- Sire: Blushing Groom
- Grandsire: Red God
- Dam: I Will Follow
- Damsire: Herbager
- Sex: Stallion
- Foaled: 1981
- Country: United States
- Colour: Bay
- Breeder: Alan Clore
- Owner: Khalid Abdullah
- Trainer: Jeremy Tree
- Record: 14: 6-4-2
- Earnings: £482,133

Major wins
- Haynes, Hanson and Clark Conditions Stakes (1983) Great Voltigeur Stakes (1984) Clive Graham Stakes (1985) Coronation Cup (1985) Prix de l'Arc de Triomphe (1985)

Awards
- Leading broodmare sire in Great Britain & Ireland (2003, 2004) Timeform rating: 134

= Rainbow Quest (horse) =

American-bred Thoroughbred racehorse (1981–2007)

Rainbow Quest (1981–2007) was an American-bred, British-trained Thoroughbred racehorse and Champion broodmare sire.

==Background==
Rainbow Quest was a bay horse with two white socks and a small white star bred in Kentucky by British businessman, Alan Clore. He was sired by Blushing Groom out of the mare I Will Follow. As a yearling, he was purchased by Prince Khalid Abdullah's Juddmonte Farms for $950,000 at the 1982 Fasig-Tipton July Sale.

==Racing career==

===1983: two-year-old season===
Sent into training with Jeremy Tree, Rainbow Quest began his racing career at Newmarket Racecourse in August 1983 when he defeated twenty-nine opponents in the El Capistrano Stakes. In the following month, he beat nineteen rivals in the Haynes, Hanson and Clark Conditions Stakes over one mile at Newbury Racecourse. In October, Rainbow Quest was matched against El Gran Senor, Siberian Express (winner of the Prix Morny), and Superlative (July Stakes) in the Dewhurst Stakes at Newmarket. El Gran Senor took a lead in the closing stages, but Rainbow Quest cut his advantage back to half a length at the line. In the 1983 International Classification, Rainbow Quest was rated the second best two-year-old in Europe, one pound behind El Gran Senor.
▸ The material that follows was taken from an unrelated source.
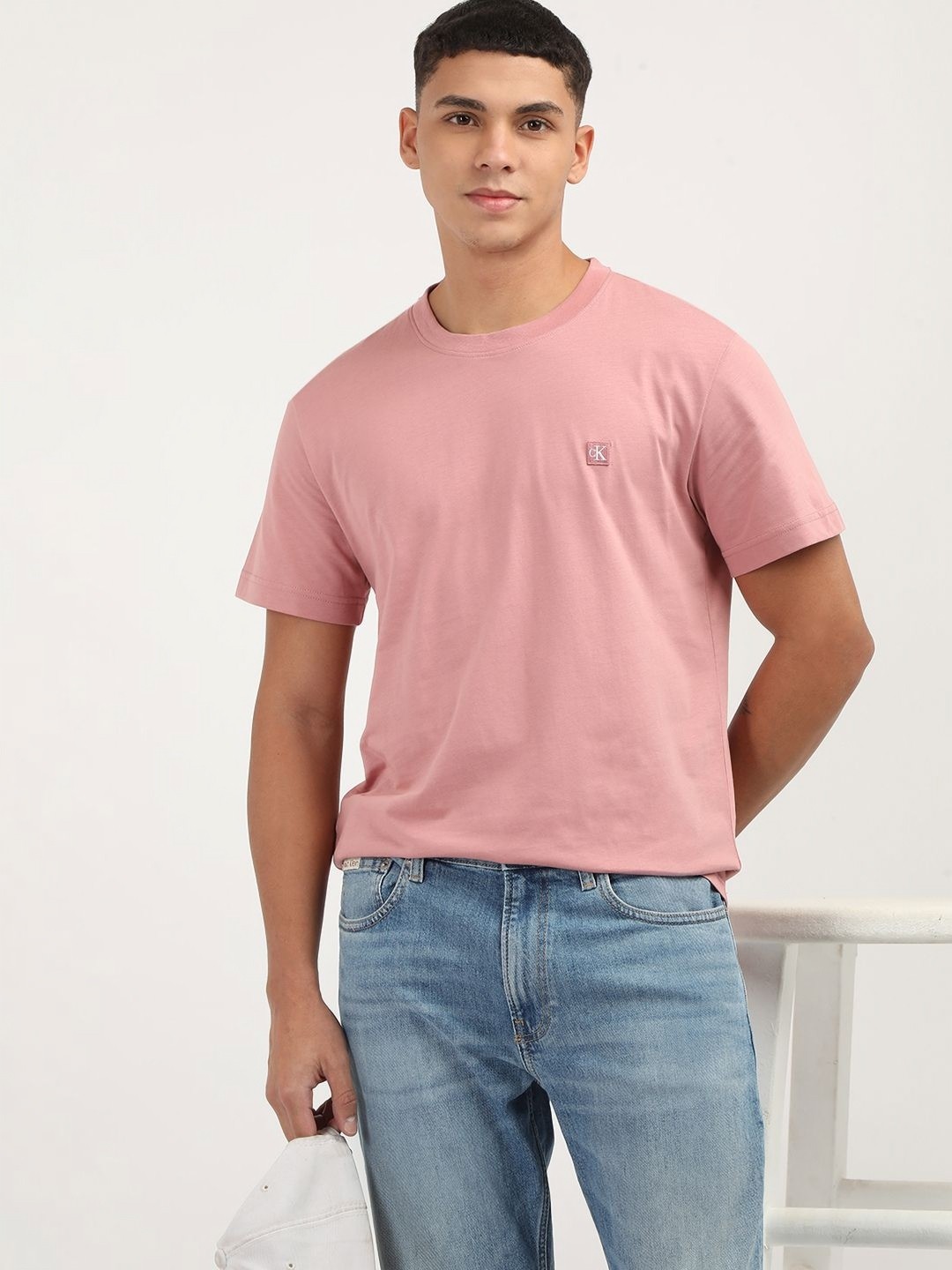 

Calvin Klein Jeans Men Raw Edge T-shirt, Pink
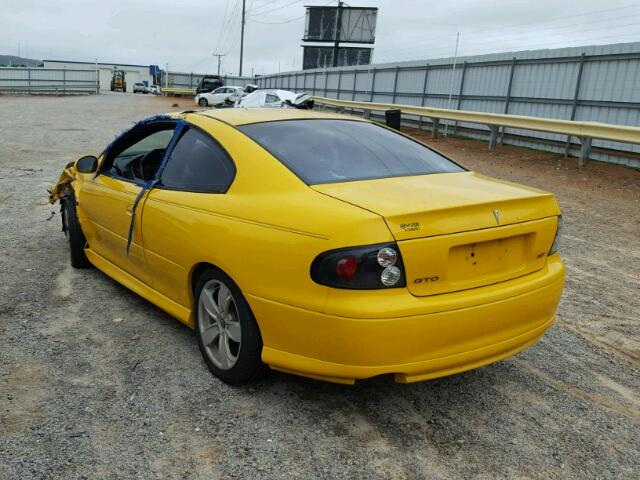 6G2VX12G54L217556 - 2004 PONTIAC GTO YELLOW photo 3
===1984: three-year-old season===
On his three-year-old debut Rainbow Quest was beaten a short-head by Lear Fan in the Craven Stakes and then finished fourth behind El Gran Senor, Chief Singer, and Lear Fan in the 2000 Guineas. He was then diverted from The Derby to the Prix du Jockey Club, in which he finished third behind Darshaan and Sadler's Wells. He was then sent to Ireland, where he finished second in the Irish Derby, beaten a length by El Gran Senor. In August, Rainbow Quest returned to England and recorded a victory in the Great Voltigeur Stakes. On his final appearance of the season, he contested the Prix de l'Arc de Triomphe at Longcamp in October. He was made favourite for the race by British bookmakers but finished eighteenth of the twenty-two runners behind Sagace.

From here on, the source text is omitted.